=== Begin Enclosure ===
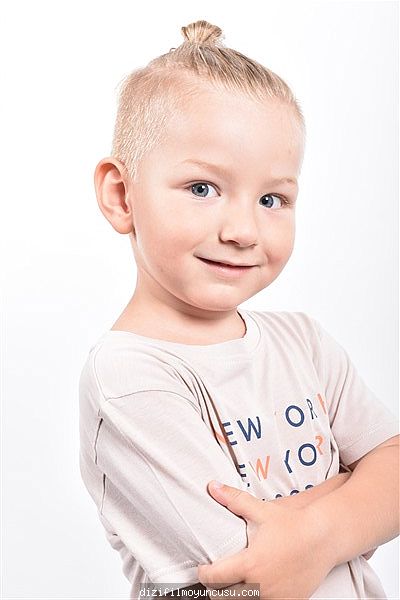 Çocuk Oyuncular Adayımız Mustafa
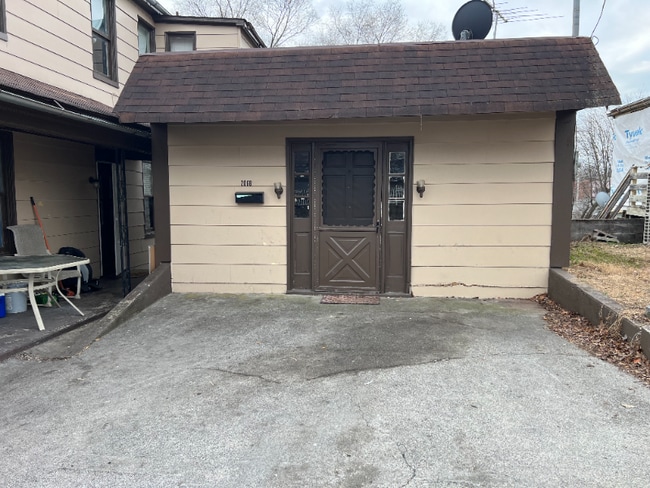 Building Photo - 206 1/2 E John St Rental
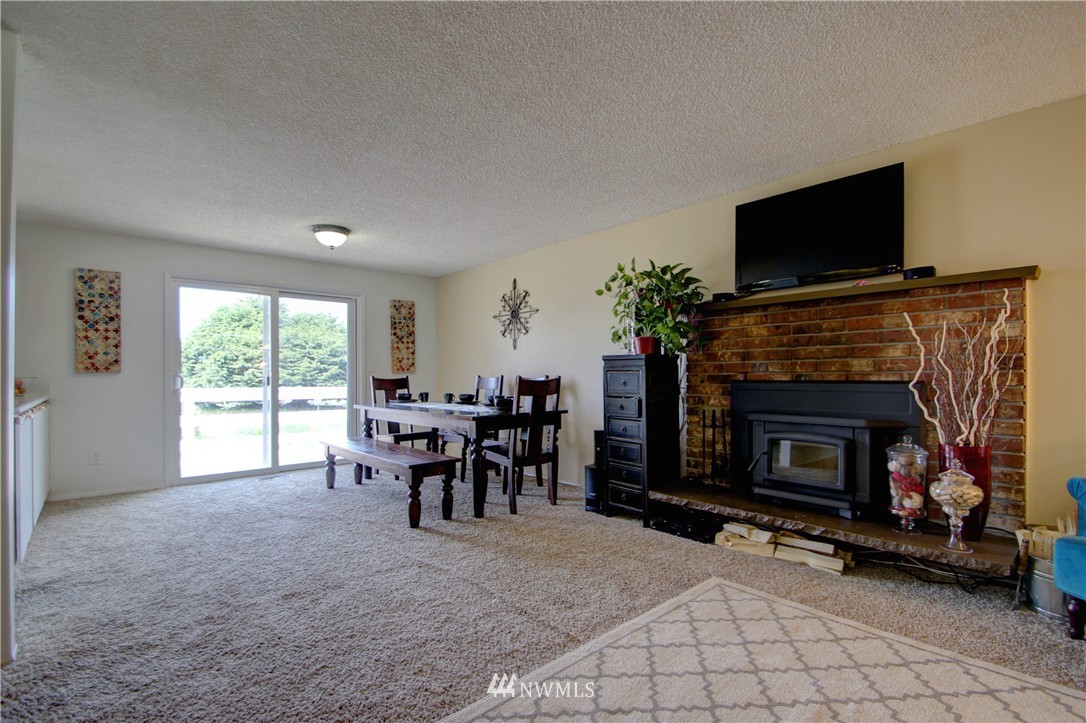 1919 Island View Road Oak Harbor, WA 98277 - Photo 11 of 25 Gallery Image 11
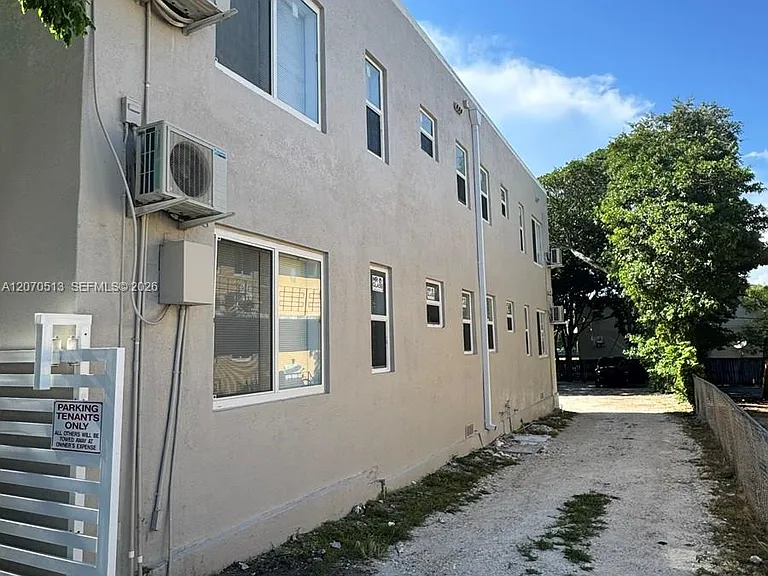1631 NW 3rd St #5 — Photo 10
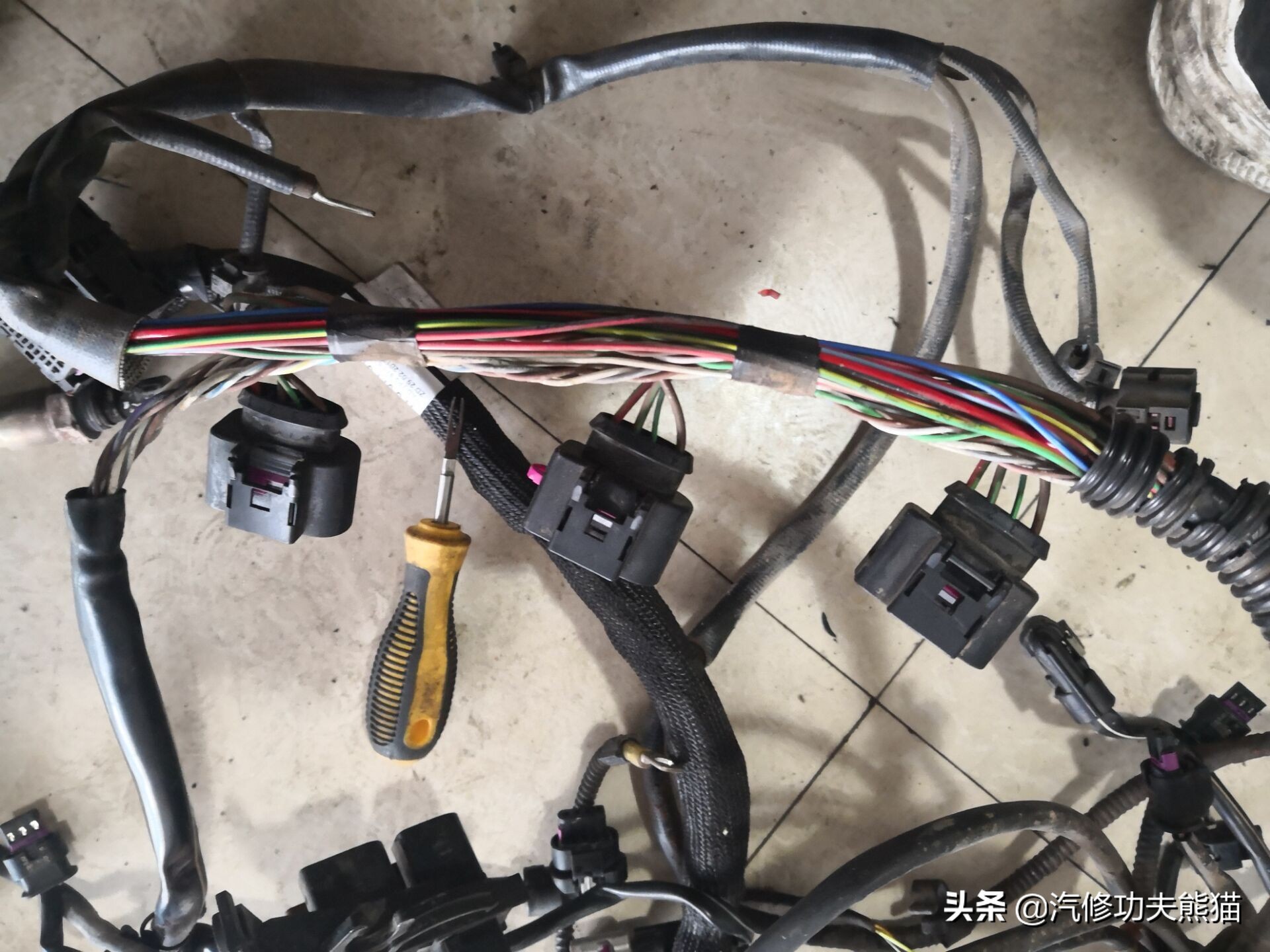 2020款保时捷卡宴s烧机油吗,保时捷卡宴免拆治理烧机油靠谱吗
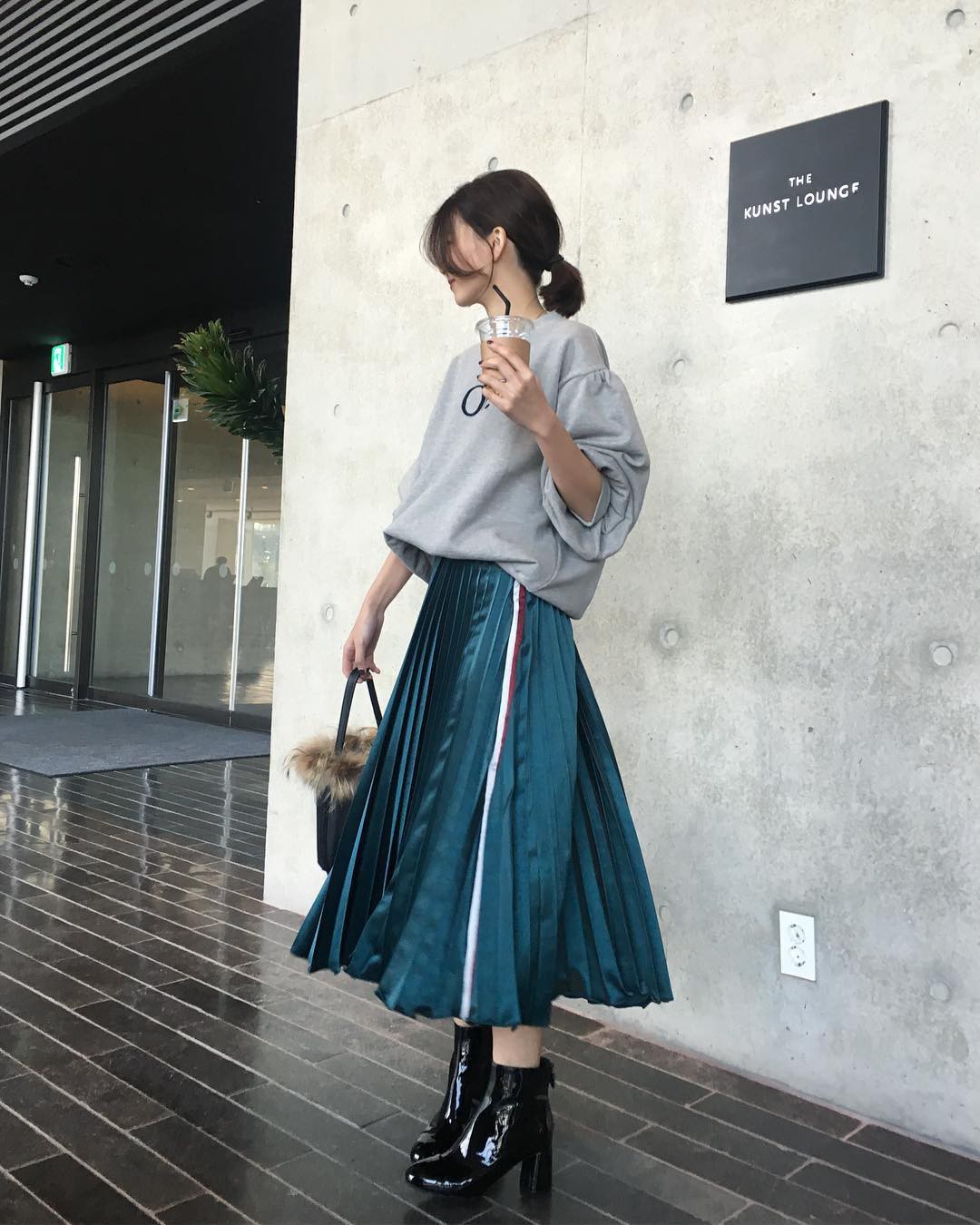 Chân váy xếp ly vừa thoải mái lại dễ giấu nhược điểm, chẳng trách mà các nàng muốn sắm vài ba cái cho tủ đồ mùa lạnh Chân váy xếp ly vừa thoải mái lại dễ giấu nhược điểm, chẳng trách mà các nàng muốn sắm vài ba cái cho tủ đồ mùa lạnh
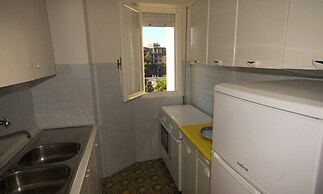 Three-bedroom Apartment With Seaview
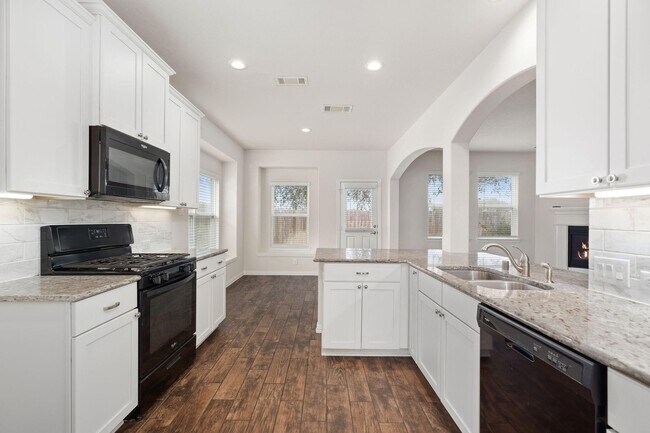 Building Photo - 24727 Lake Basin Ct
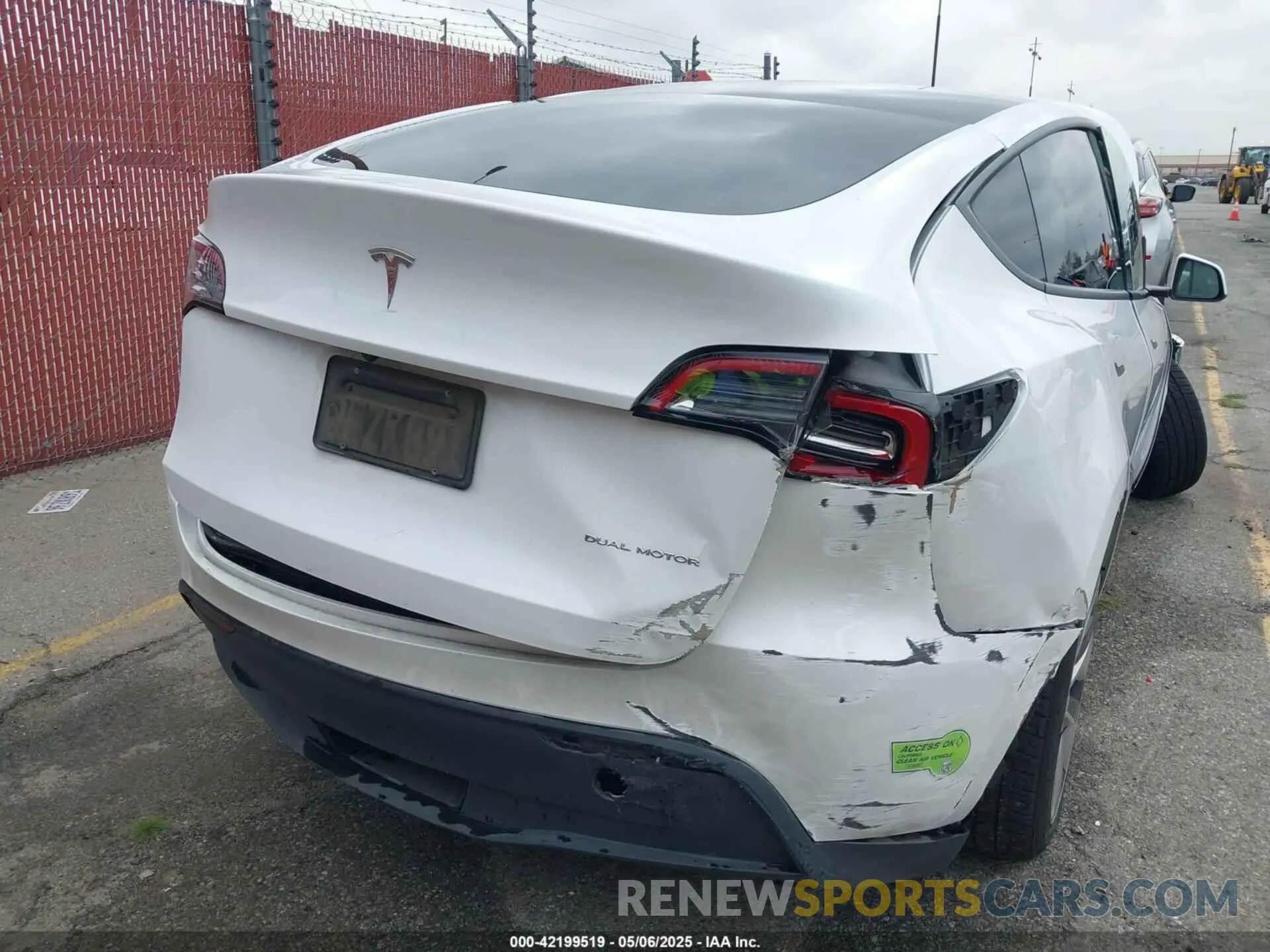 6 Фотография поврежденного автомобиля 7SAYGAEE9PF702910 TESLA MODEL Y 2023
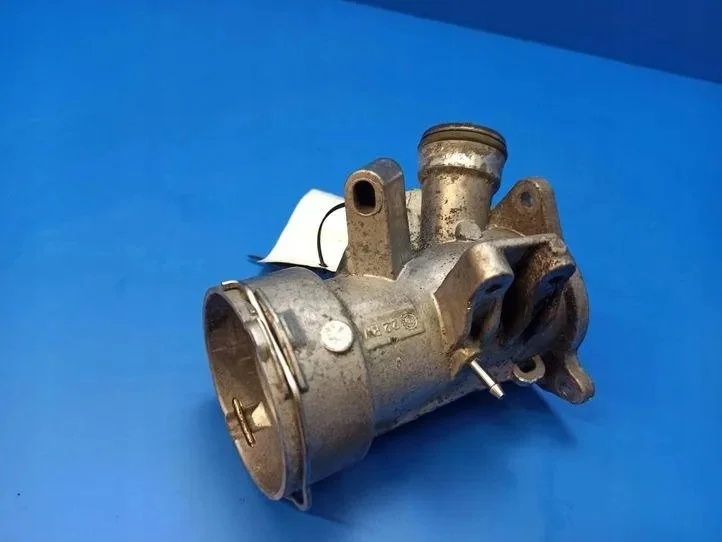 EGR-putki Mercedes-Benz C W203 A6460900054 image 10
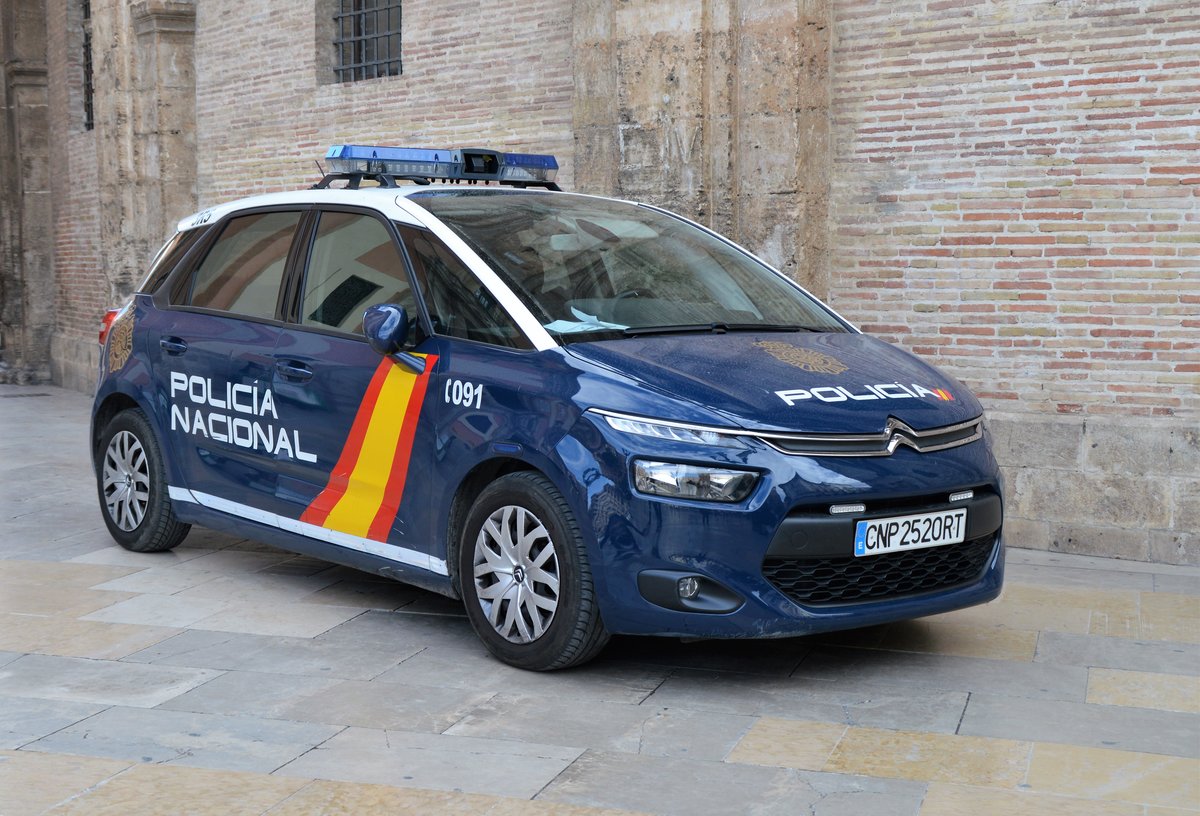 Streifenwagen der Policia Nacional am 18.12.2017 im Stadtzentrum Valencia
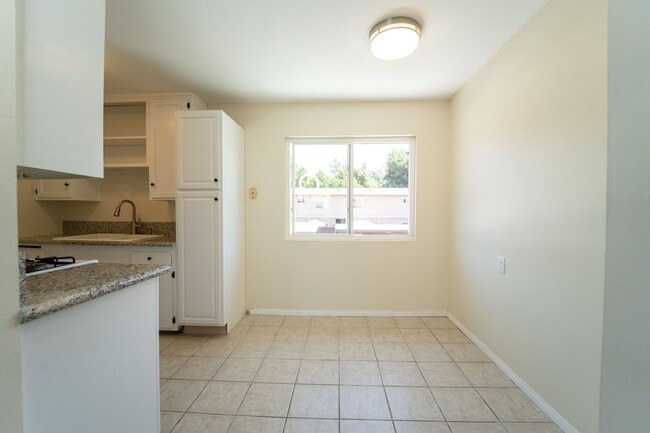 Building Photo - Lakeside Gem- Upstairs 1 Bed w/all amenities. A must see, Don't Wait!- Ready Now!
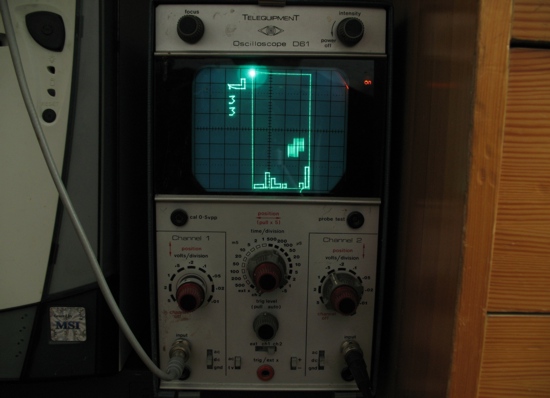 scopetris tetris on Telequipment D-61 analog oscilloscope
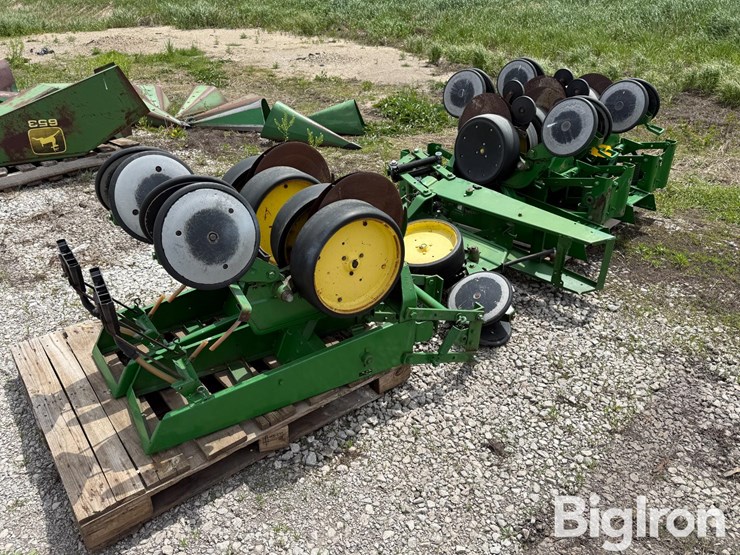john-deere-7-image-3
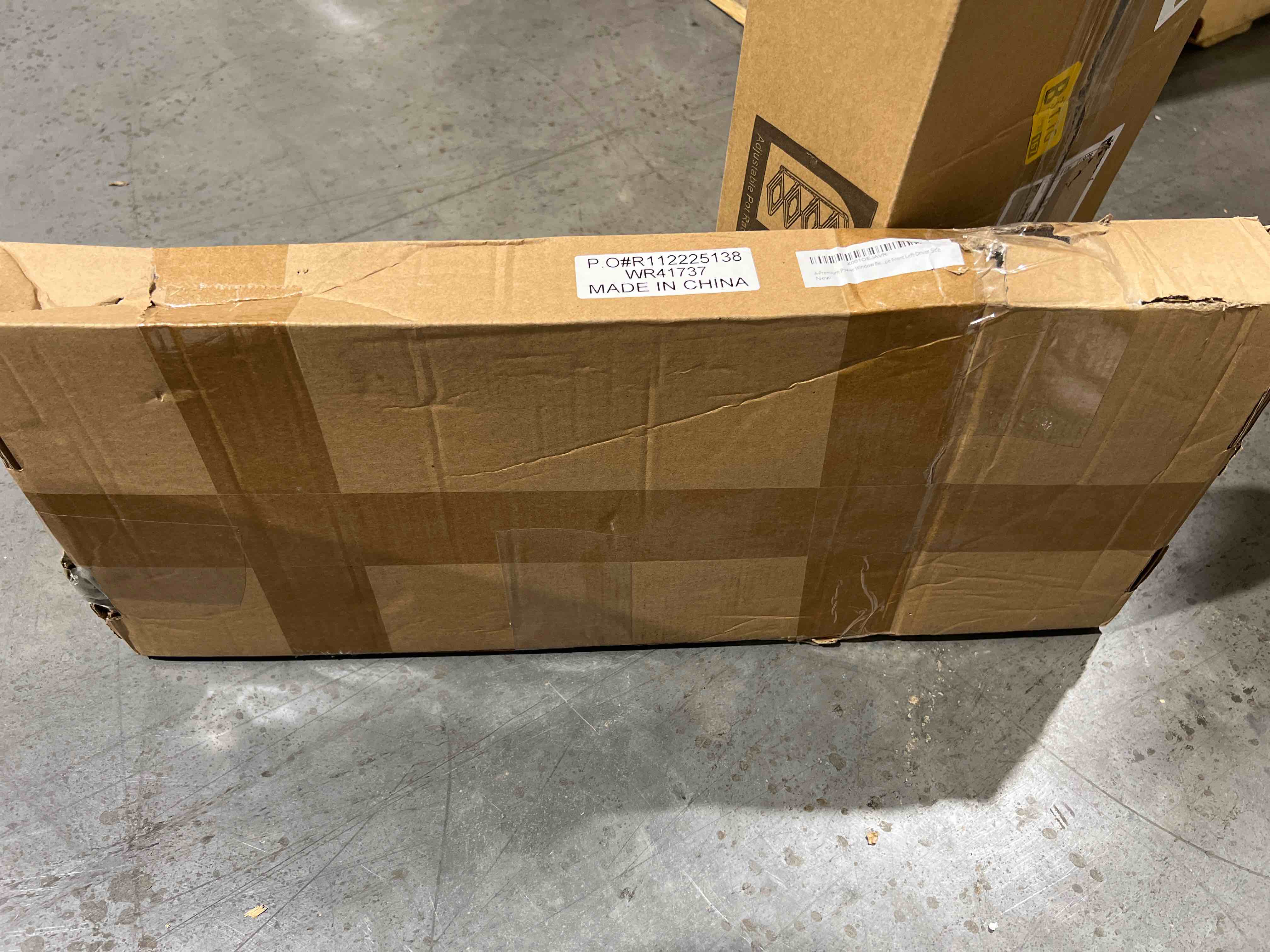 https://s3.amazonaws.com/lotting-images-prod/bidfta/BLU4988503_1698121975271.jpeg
=== End Enclosure ===
▸ About this exercise: The answer must consist solely of the lines from the line containing "Building Photo - 24727 Lake Basin Ct" to the end of the data, reproduced exactly, with every picture left out.

▸ Response area:
 Building Photo - 24727 Lake Basin Ct
 6 Фотография поврежденного автомобиля 7SAYGAEE9PF702910 TESLA MODEL Y 2023
 EGR-putki Mercedes-Benz C W203 A6460900054 image 10
 Streifenwagen der Policia Nacional am 18.12.2017 im Stadtzentrum Valencia
 Building Photo - Lakeside Gem- Upstairs 1 Bed w/all amenities. A must see, Don't Wait!- Ready Now!
 scopetris tetris on Telequipment D-61 analog oscilloscope
john-deere-7-image-3
 https://s3.amazonaws.com/lotting-images-prod/bidfta/BLU4988503_1698121975271.jpeg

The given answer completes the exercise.